• _Required work_: Repeat, line for line, only the span that opens at the "Property photo 3 of 14 Picture No. 07" line and closes at the final line below. Skip the pictures.

• _Data to examine_:
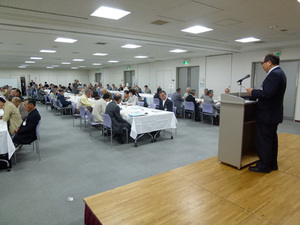 議案の説明と審議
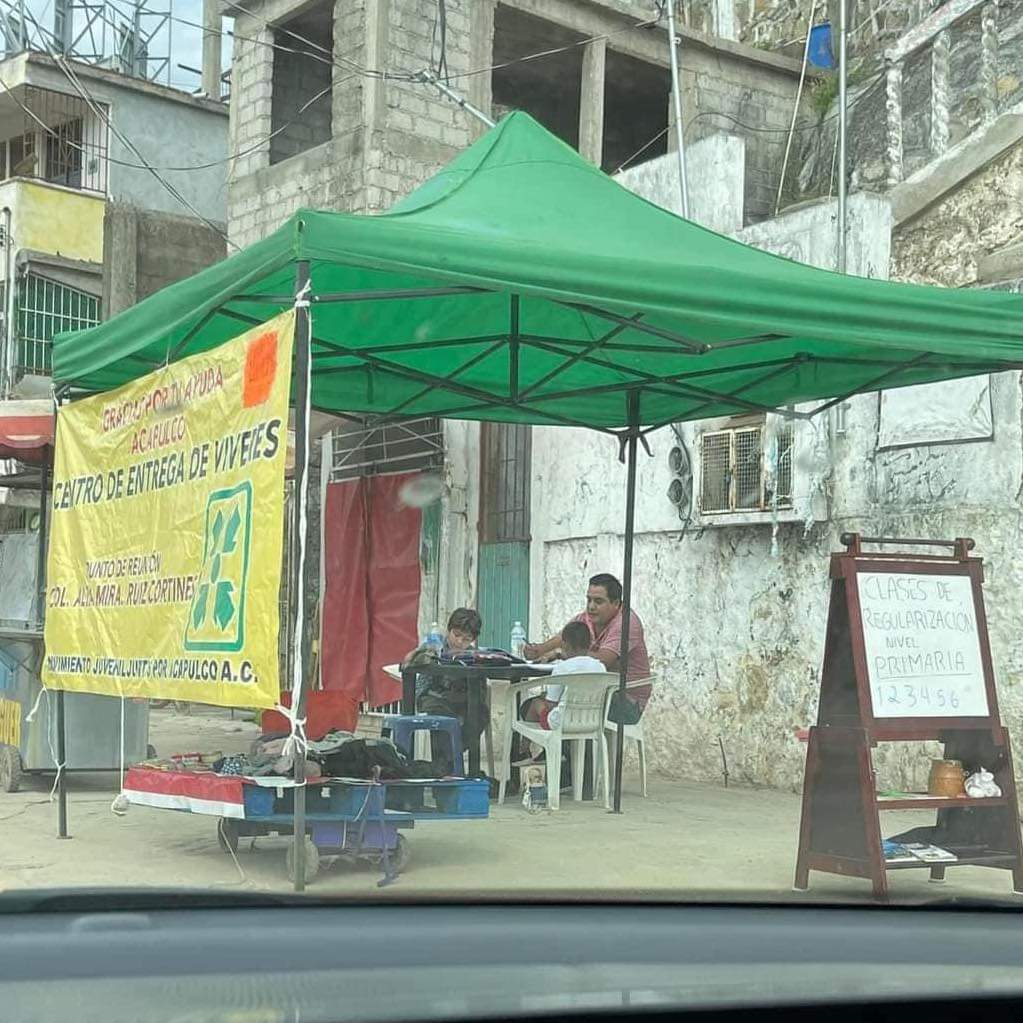 rthur013's tweet photo. En Acapulco un profesor imparte clases de regularización de manera gratuita, adaptando un toldo para cubrirse del sol, esto sobre la Avenida Ruiz Cortinez cerca de Aurrera La Cañada.
HARTO RESPETO 🙌🏽🙌🏽🙌🏽🙌🏽 https://t.co/Nfee5FjZNw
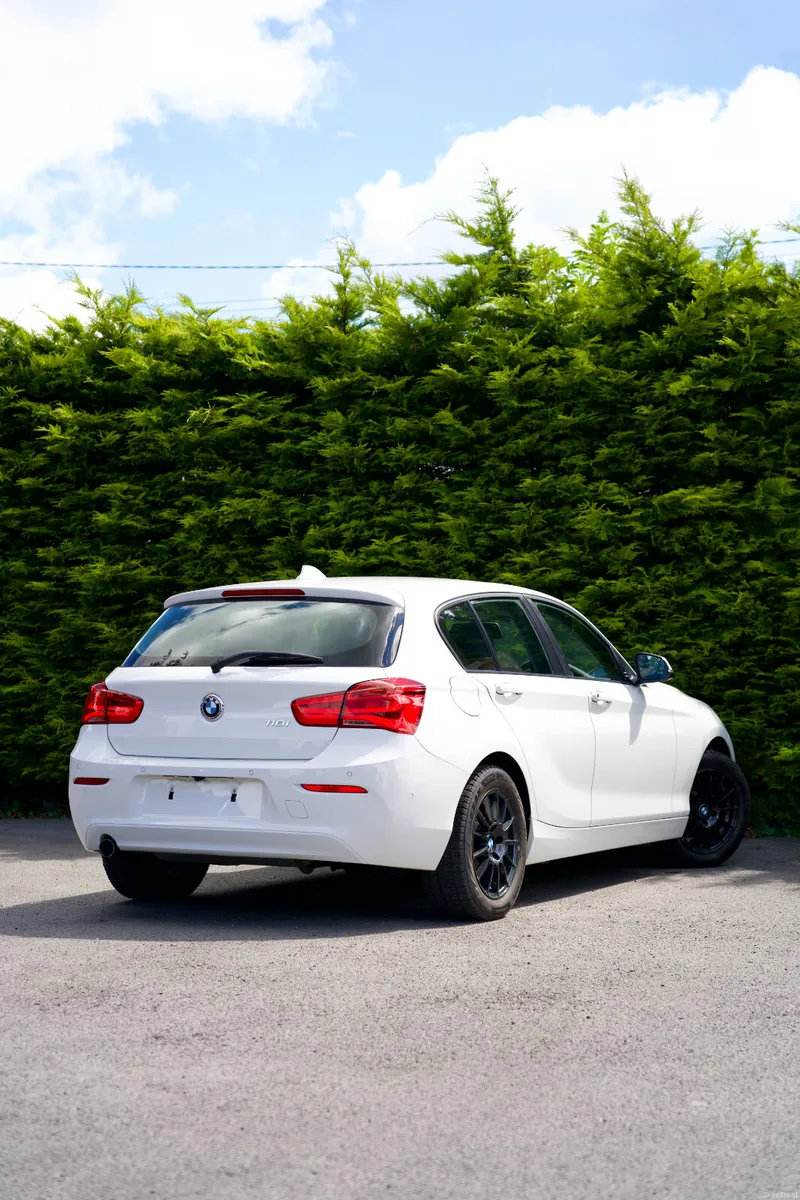 BMW 118i 1.5L 2018 - Image 4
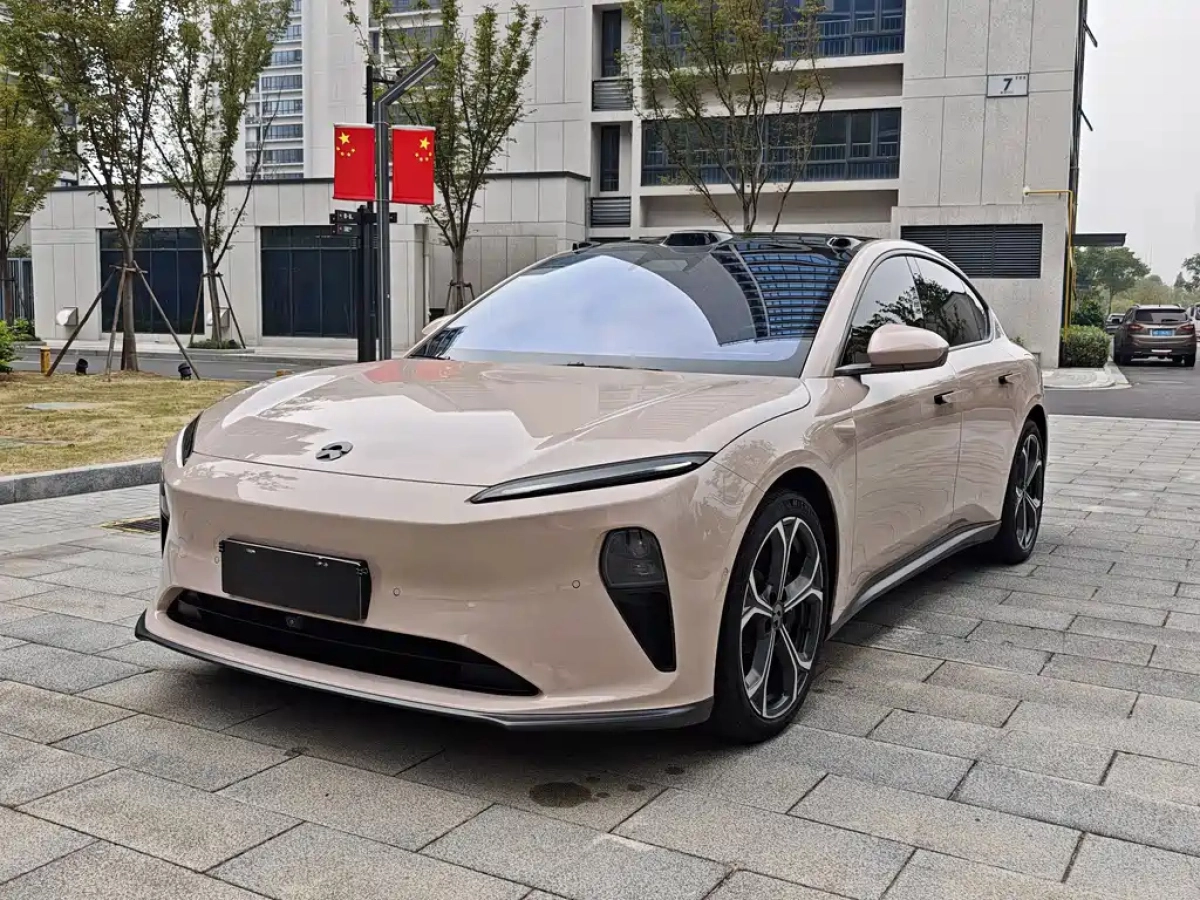NIO ET5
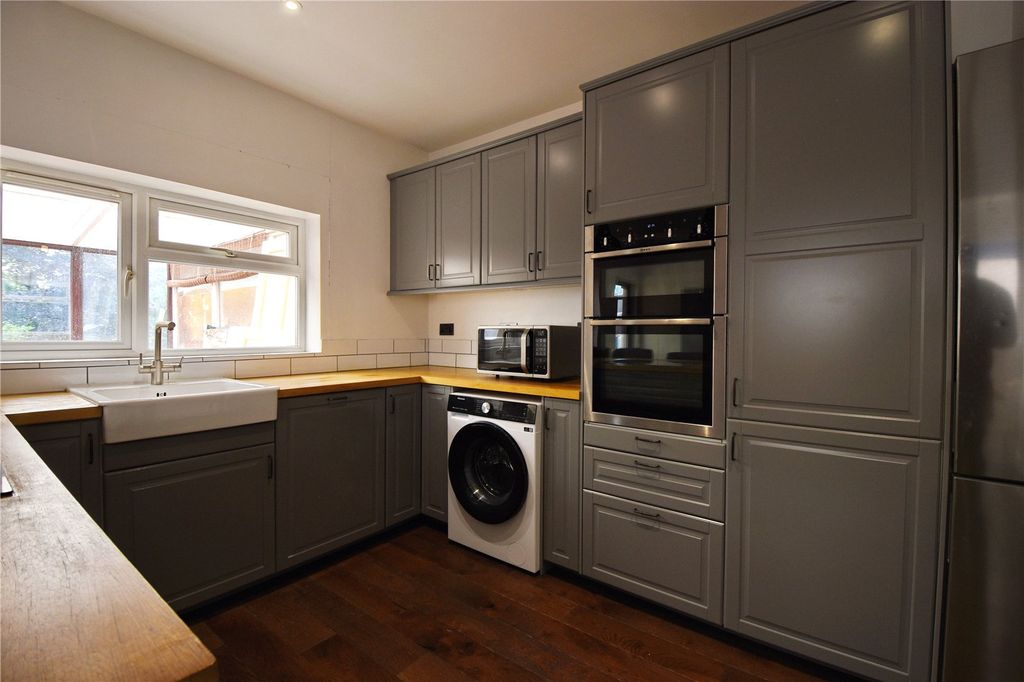 Property photo 3 of 14 Picture No. 07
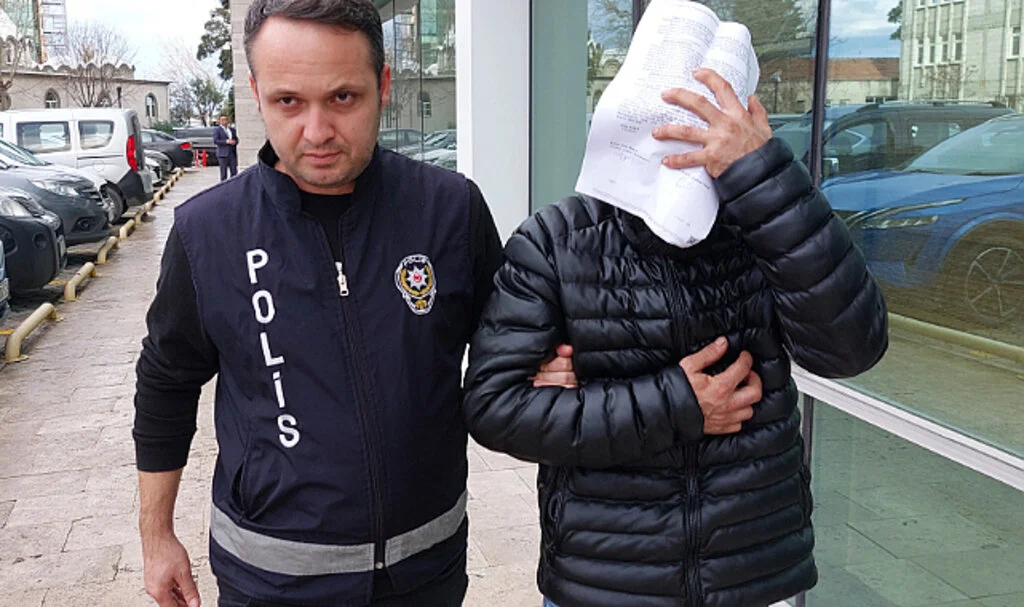 Samsun'da eski askeri hastaneden hırsızlığa suçüstü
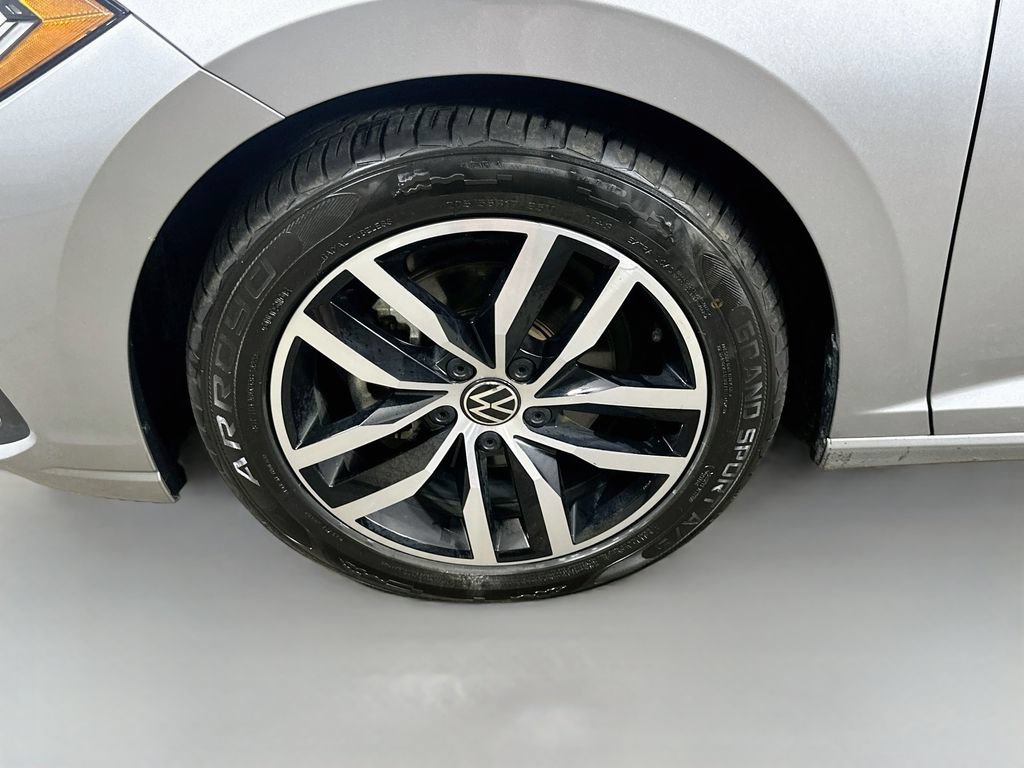 Used 2025 Volkswagen Jetta SE FWD image 8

• _Your solution_:
 Property photo 3 of 14 Picture No. 07
 Samsun'da eski askeri hastaneden hırsızlığa suçüstü
 Used 2025 Volkswagen Jetta SE FWD image 8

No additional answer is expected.